A morphism $\varphi : \pi \to \rho$ between cartesian fibrations over the same base S is a map (functor) over the base; i.e., $\pi = \rho \circ \varphi$ that sends cartesian morphisms to cartesian morphisms. Given $\varphi, \psi : \pi \to \rho$, a 2-morphism $\theta : \varphi \rightarrow \psi$ is an invertible map (map = natural transformation) such that for each object $E$ in the source of $\pi$, $\theta_E : \varphi(E) \to \psi(E)$ maps to the identity map of the object $\rho(\varphi(E)) = \rho(\psi(E))$ under $\rho$.

This way, all the cartesian fibrations over the fixed base category S determine the (2, 1)-category denoted by $\operatorname{Cart}(S)$.

== Basic example ==
Let $\operatorname{QCoh}$ be the category where
- an object is a pair $(X, F)$ of a scheme $X$ and a quasi-coherent sheaf $F$ on it,
- a morphism $\overline{f} : (X, F) \to (Y, G)$ consists of a morphism $f : X \to Y$ of schemes and a sheaf homomorphism $\varphi_f : f^* G \overset{\sim}\to F$ on $X$,
- the composition $\overline{g} \circ \overline{f}$ of $\overline{g} : (Y, G) \to (Z, H)$ and above $\overline{f}$ is the (unique) morphism $\overline{h}$ such that $h = g \circ f$ and $\varphi_h$ is
  - $(g \circ f)^*H \simeq f^* g^* H \overset{f^*\varphi_g}\to f^*G \overset{\varphi_f}\to F.$
To see the forgetful map
$\pi : \operatorname{QCoh} \to \operatorname{Sch}$
is a cartesian fibration, let $f : X \to \pi((Y, G))$ be in $\operatorname{QCoh}$. Take
$\overline{f} = (f, \varphi_f) : (X, F) \to (Y, G)$
with $F = f^* G$ and $\varphi_f = \operatorname{id}$. We claim $\overline{f}$ is cartesian. Given $\overline{g} : (Z, H) \to (Y, G)$ and $h : Z \to X$ with $g = f \circ h$, if $\varphi_h$ exists such that $\overline{g} = \overline{f} \circ \overline{h}$, then we have $\varphi_g$ is
$(f \circ h)^* G \simeq h^* f^* G = h^* F \overset{\varphi_h}\to H.$
So, the required $\overline{h}$ trivially exists and is unique.

Note some authors consider $\operatorname{QCoh}^{\simeq}$, the core of $\operatorname{QCoh}$ instead.

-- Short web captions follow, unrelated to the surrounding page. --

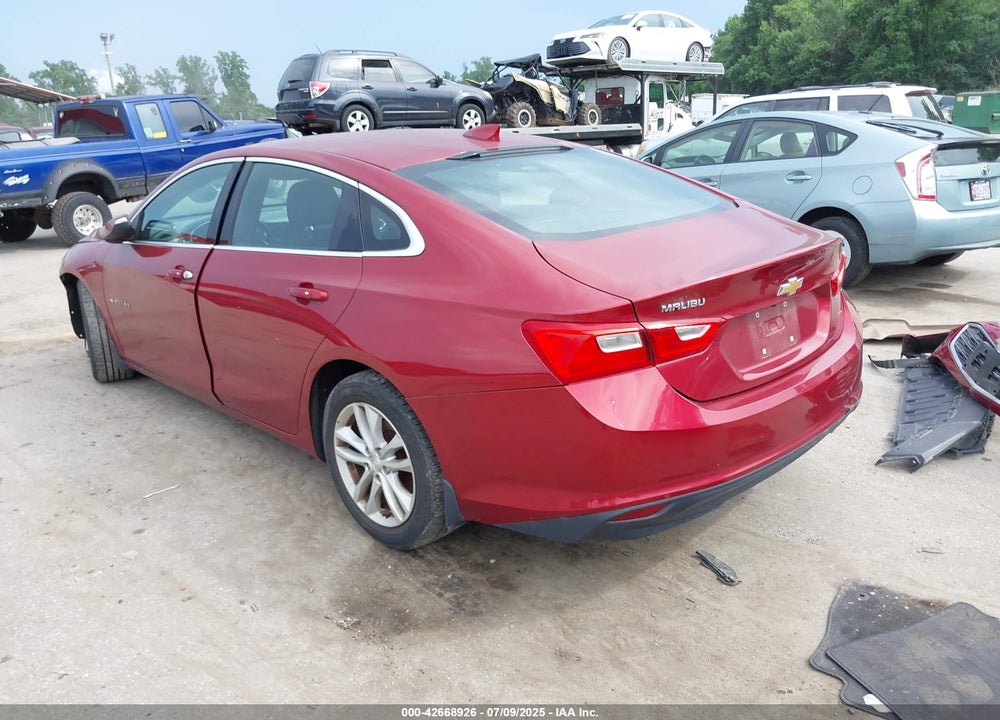 2018 CHEVROLET MALIBU LT VIN: 1G1ZD5ST1JF140386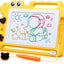 Magnetic Drawing Board, Toddler Toys, Travel Size Doodle Pad, Erasable Sketching Pad, Writing Pad for Kids, Educational Learning Kids Toys, Sketching Writing Pad for Kids in Car, Gift for 3-5 Year Old Girls Boys - Toyigo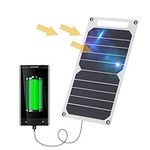 Lixada Solar Panel Charger USB Port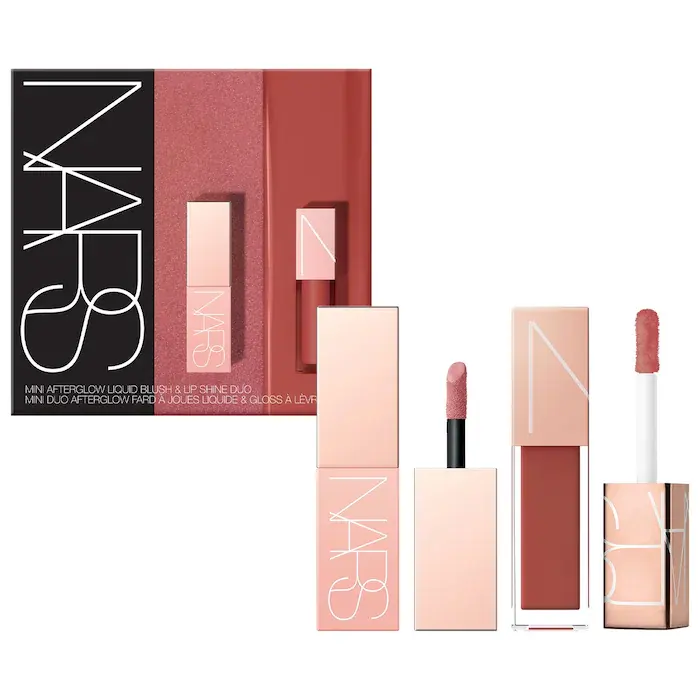 上新！Nars Mini Afterglow 唇颊套装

In that case, the forgetful map restricted to it is also a cartesian fibration.

== Grothendieck construction ==

Given a category $S$, the Grothendieck construction gives an equivalence of ∞-categories between $\operatorname{Cart}(S)$ and the ∞-category of prestacks on $S$ (prestacks = category-valued presheaves).

Roughly, the construction goes as follows: given a cartesian fibration $\pi$, we let $F_{\pi} : S^{op} \to \textbf{Cat}$ be the map that sends each object x in S to the fiber $\pi^{-1}(x)$. So, $F_{\pi}$ is a $\textbf{Cat}$-valued presheaf or a prestack. Conversely, given a prestack $F$, define the category $C_F$ where an object is a pair $(x, a)$ with $a \in F(x)$ and then let $\pi$ be the forgetful functor to $S$. Then these two assignments give the claimed equivalence.

For example, if the construction is applied to the forgetful $\pi : \textrm{QCoh} \to \textrm{Sch}$, then we get the map $X \mapsto \textrm{QCoh}(X)$ that sends a scheme $X$ to the category of quasi-coherent sheaves on $X$. Conversely, $\pi$ is determined by such a map.

Lurie's straightening theorem generalizes the above equivalence to the equivalence between the ∞-category of cartesian fibrations over some ∞-category C and the ∞-category of ∞-prestacks on C.